● Exercise instructions: Exactly the lines below from the line with "化工材料公司可以起什么名字好听(化工材料公司名称)" through the line with "Cho Thuê Nhà" must make up the answer, both ends included and pictures left out.

● Data:
● ● ● ● ●

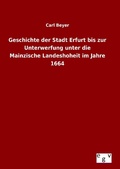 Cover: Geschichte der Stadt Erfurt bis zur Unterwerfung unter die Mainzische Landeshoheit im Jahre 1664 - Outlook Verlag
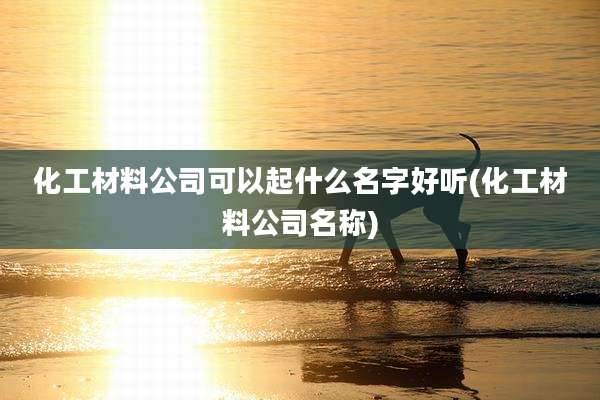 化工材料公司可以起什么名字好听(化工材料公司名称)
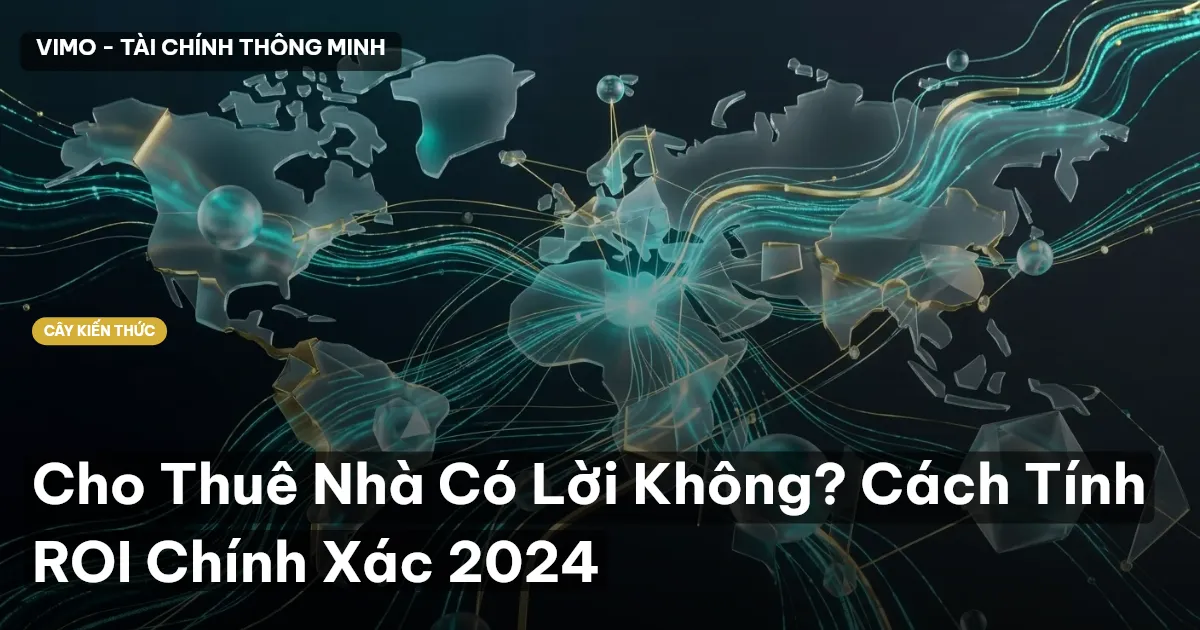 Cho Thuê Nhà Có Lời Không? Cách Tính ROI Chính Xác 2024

● ● ● ● ●

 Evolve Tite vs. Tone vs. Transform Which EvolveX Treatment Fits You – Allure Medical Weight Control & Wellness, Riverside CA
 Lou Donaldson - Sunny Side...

● ● ● ● ●

● Output for this exercise:
 化工材料公司可以起什么名字好听(化工材料公司名称)
 Cho Thuê Nhà Có Lời Không? Cách Tính ROI Chính Xác 2024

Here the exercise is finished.